= Beginning of Section =
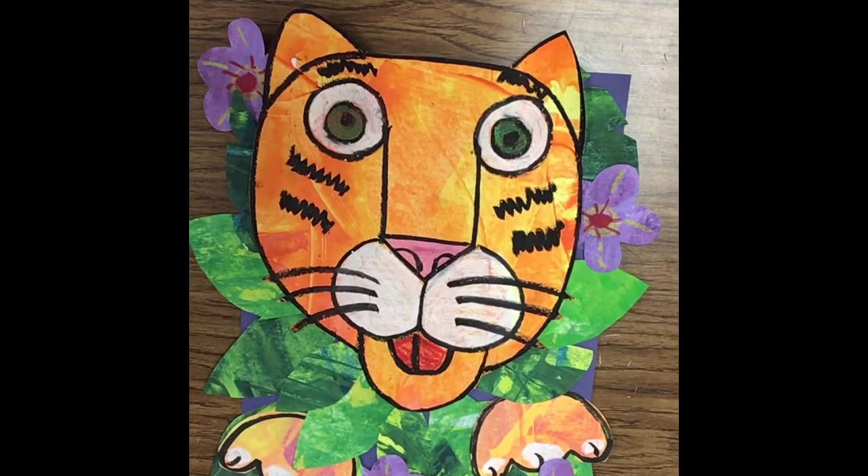Hi there. Today we're going to be making an art piece, a collage piece, that's inspired by the artist Henri Rousseau. We're looking at the painting he did called Tiger in a Tropical Storm. This is going to be a fun collage where we're working on different papers and then adding them together to create some different depths in our picture, so we're focusing on space within the picture.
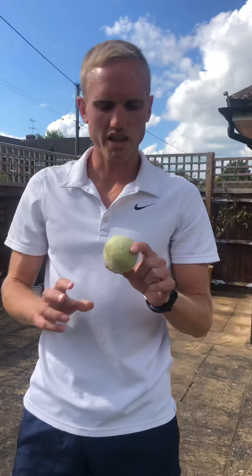Some easy tennis challenges today, starting with just using your hand and a ball. The flatter your hand is, the easier you'll find it. Tomorrow we're going to use a racket — try some of those.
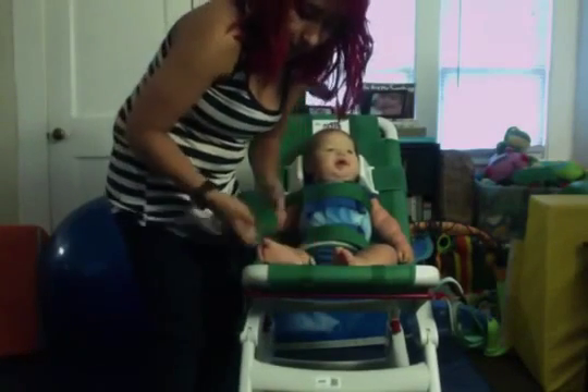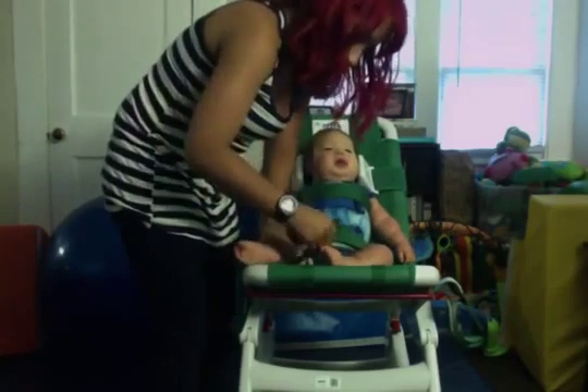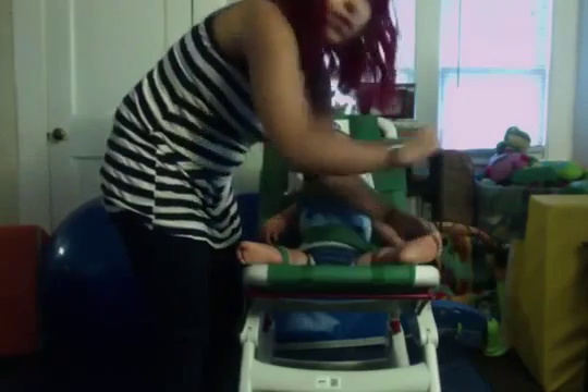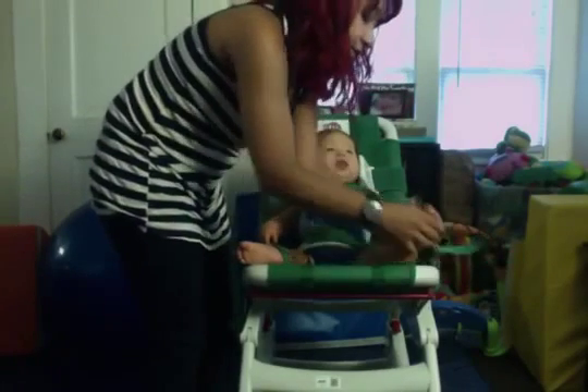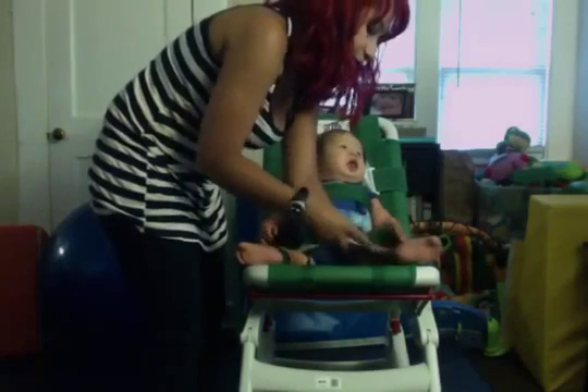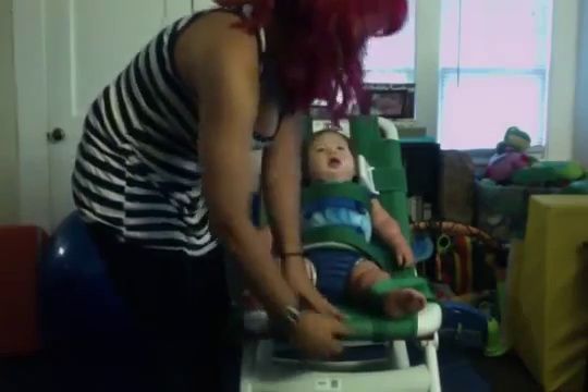If you want, you can use the foot straps too. We don't use them a whole lot — I just don't feel they're completely necessary for him. Maybe for children that do quite a bit of moving, but he doesn't move very much. So that's what it looks like with him in the chair.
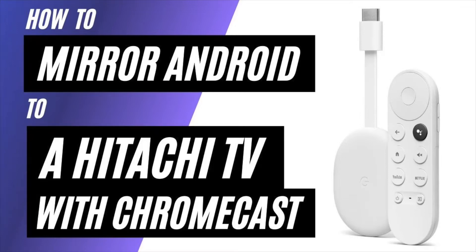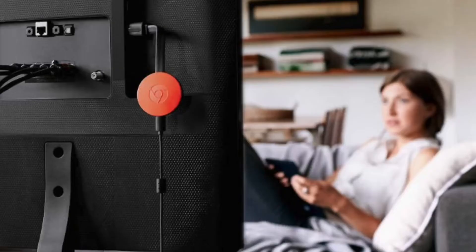In today's tech video, I'm going to show you how to mirror an Android phone to a Hitachi TV using a Chromecast. So after you have your Google Chromecast all set up, make sure that your phone and your Chromecast are on the same Wi-Fi network and follow these steps.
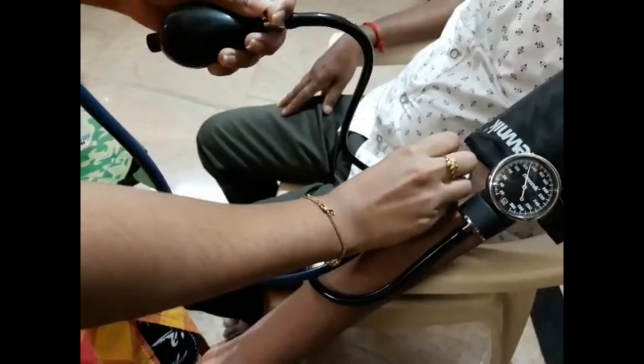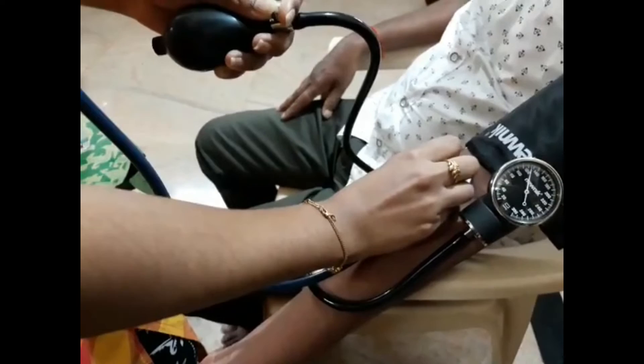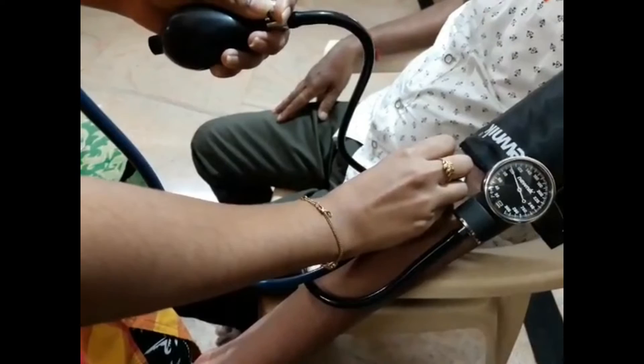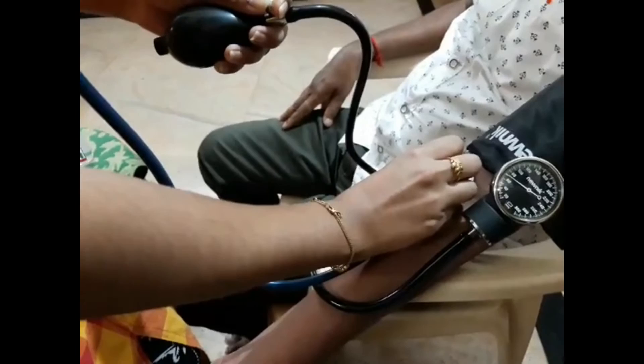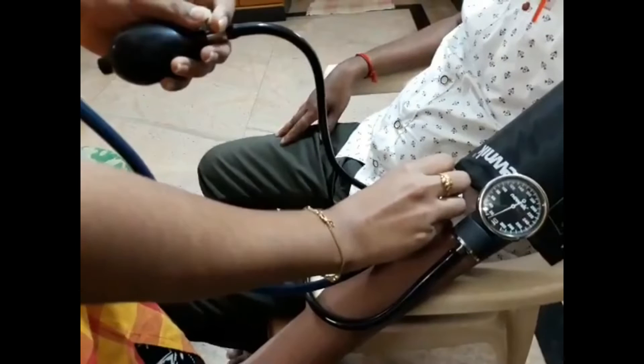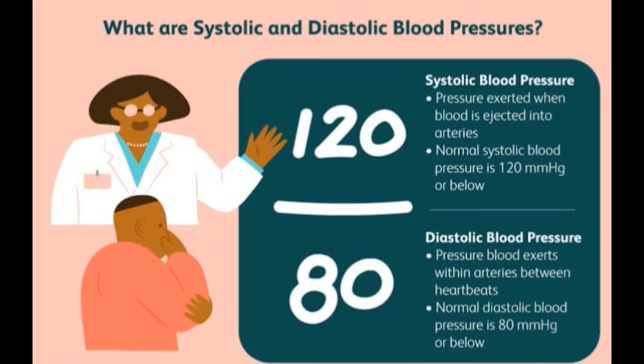Slowly release the valve. At 83 mmHg, I found no sound — that is the diastolic pressure of the patient. Your blood pressure is at the rate of 127 by 83 mmHg, and it is normal.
= End of Section =
— Instructions for the task —
Please retype the listing exactly, leaving out any images.

— Reply —
Hi there. Today we're going to be making an art piece, a collage piece, that's inspired by the artist Henri Rousseau. We're looking at the painting he did called Tiger in a Tropical Storm. This is going to be a fun collage where we're working on different papers and then adding them together to create some different depths in our picture, so we're focusing on space within the picture.
Some easy tennis challenges today, starting with just using your hand and a ball. The flatter your hand is, the easier you'll find it. Tomorrow we're going to use a racket — try some of those.
If you want, you can use the foot straps too. We don't use them a whole lot — I just don't feel they're completely necessary for him. Maybe for children that do quite a bit of moving, but he doesn't move very much. So that's what it looks like with him in the chair.
In today's tech video, I'm going to show you how to mirror an Android phone to a Hitachi TV using a Chromecast. So after you have your Google Chromecast all set up, make sure that your phone and your Chromecast are on the same Wi-Fi network and follow these steps.
Slowly release the valve. At 83 mmHg, I found no sound — that is the diastolic pressure of the patient. Your blood pressure is at the rate of 127 by 83 mmHg, and it is normal.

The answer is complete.